I am a big proponent of weight reduction, and I think more specialized forms of backpacking like ultralight and super-ultralight have lead to the development of great technology and techniques which help us towards that end. The problem that I keep encountering however, in doing research about such forms of backpacking, is that I keep running more and more into what I see as “disingenuous weight reduction”.
What I mean by that is that way too often I encounter people who speak of how light their gear is, only to discover that they have only managed to achieve the weight savings by sacrificing the ability to actually go into the woods. Here are a few examples of typical conversations I have with ultralight backpackers (ULB):
- Me: That’s a very interesting set up. It looks light. How much is your base weight?
- ULB: Base weight is 6 lb (followed by an explanation about how not everyone can go that light because it requires a lot of skill)
- Me: That’s amazing. What type of shelter do you use?
- ULB: I use my poncho. It’s a multi-use item-rain protection and shelter. Weights 8 oz.

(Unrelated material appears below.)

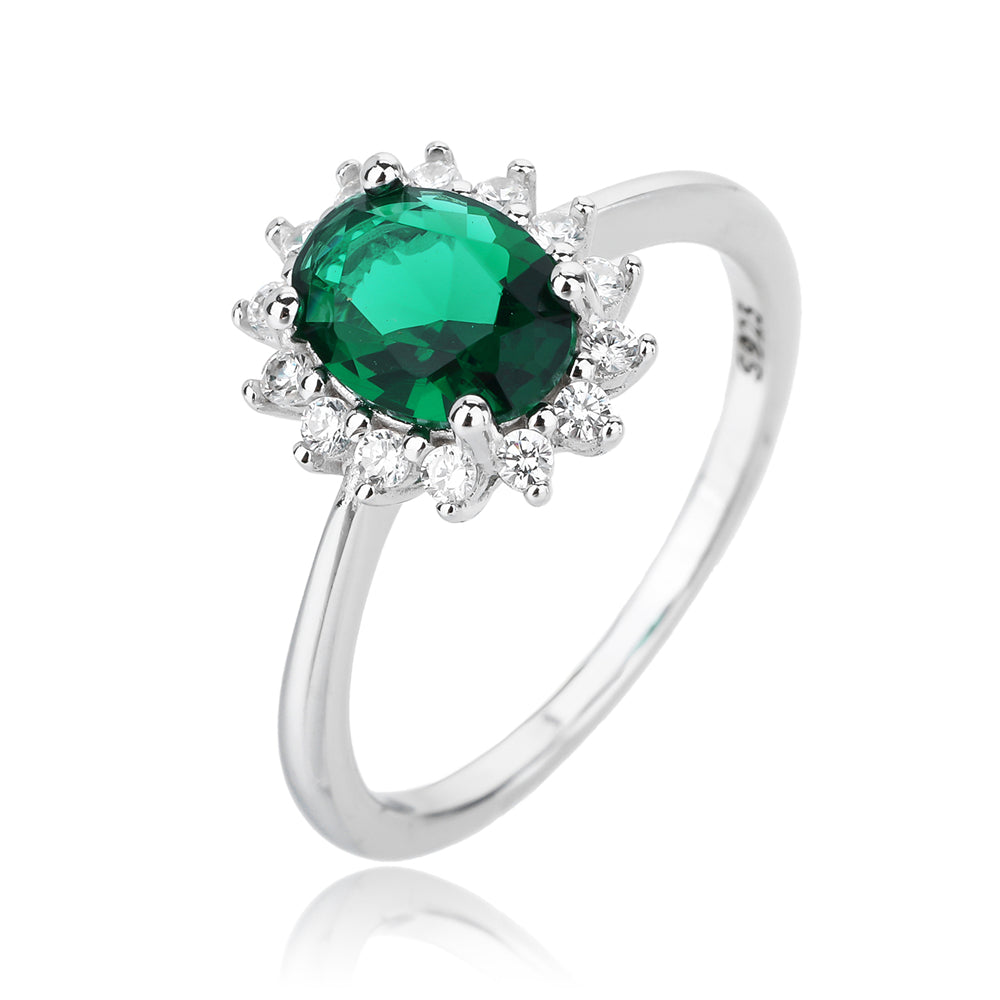 טבעת כסף 925 דגם שמש ירוקה משובצת זרקונים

- Me: How does it perform in more serious storms, or rain? Does it offer sufficient protection?
- ULB: Well, I usually stay in shelters along the trail. This is just for emergencies. I also don’t go out when it is going to rain.
- Me: :/
Here is another example:
- ULB: I used to use a large pot like you, but now I have this SUL set up that weight only 4 oz. I never need more than two cups of water anyway.
- Me: That looks great. How much fuel does the alcohol stove consume during winter? How much time do you spend each day melting snow for water?
- ULB: Oh, I usually don’t go backpacking in winter. When I do, I bring a white gas stove.
- Me: :/
Weight reduction is great. Ultralight backpacking is great. However, I thought the whole point was to have the same capability as a “regular” backpacker, only do it in a better and smarter way, utilizing different gear and a wider set of skills. But let me be clear, being able to look at the weather channel and decide to stay home because it might rain, is not the type of skills I am talking about here.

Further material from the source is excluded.